Short web captions
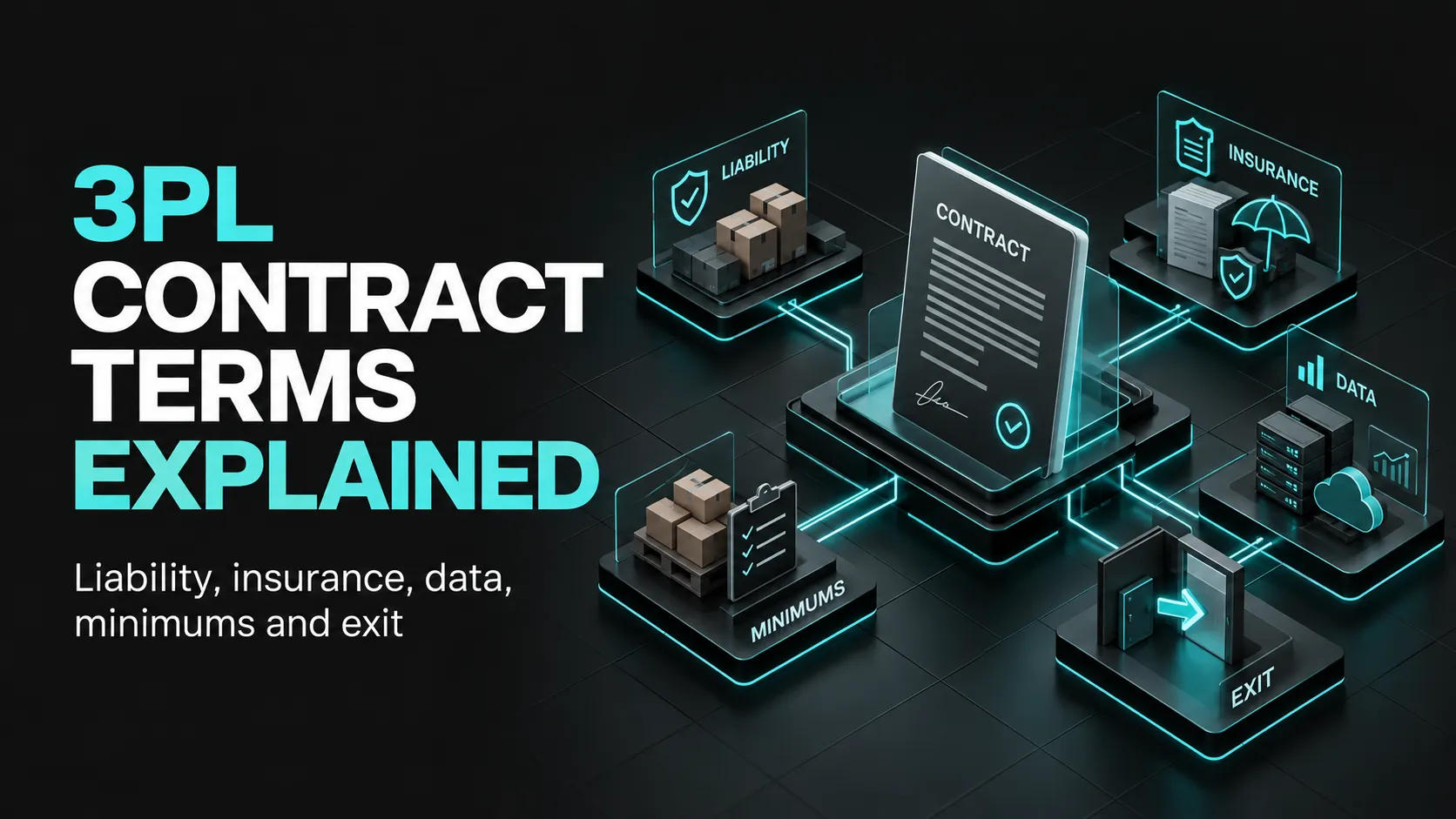 3PL Contract Terms Explained: Liability, Insurance, Data, Minimums and Exit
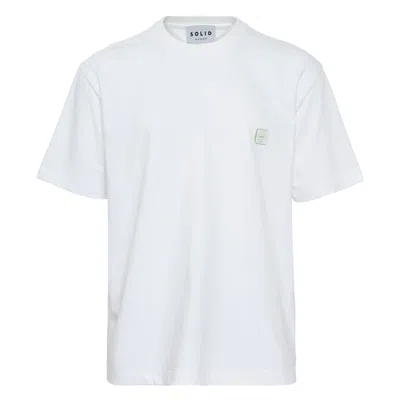 Solid Homme Charms Back Print T-shirt In White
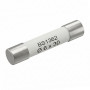 Fusible de tubo de cerámica de tamaño 6x30mm. Corriente máxima de pico 0,5-30 A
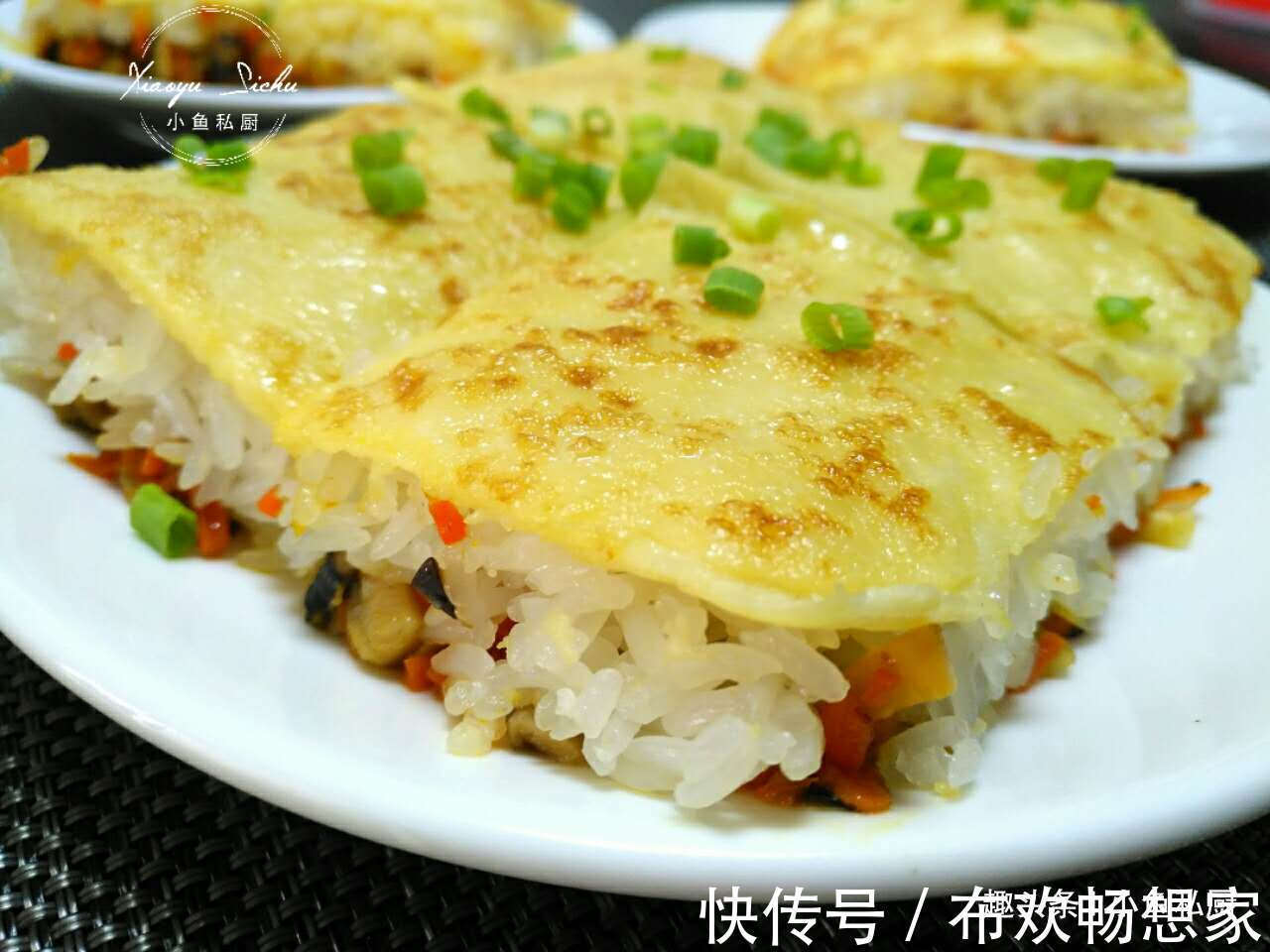 1斤糯米,2个鸡蛋,锅里一煎,喷香解馋,孩子大人吃不够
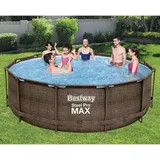 BESTWAY Steel Pro MAX Swimming Pool-Set Deluxe Series Rund 366x100 cm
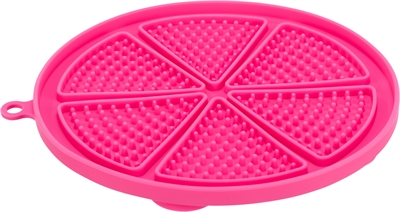Trixie lick’n’snack mat met zuignappen siliconen roze (18 CM)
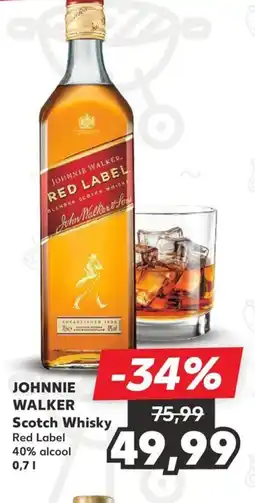 Kaufland JOHNNIE WALKER Scotch Whisky Ofertă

■ To do ■
Reproduce the data word for word; no pictures.

■ Solution to this task ■
 3PL Contract Terms Explained: Liability, Insurance, Data, Minimums and Exit
 Solid Homme Charms Back Print T-shirt In White
 Fusible de tubo de cerámica de tamaño 6x30mm. Corriente máxima de pico 0,5-30 A
 1斤糯米,2个鸡蛋,锅里一煎,喷香解馋,孩子大人吃不够
 BESTWAY Steel Pro MAX Swimming Pool-Set Deluxe Series Rund 366x100 cm
Trixie lick’n’snack mat met zuignappen siliconen roze (18 CM)
 Kaufland JOHNNIE WALKER Scotch Whisky Ofertă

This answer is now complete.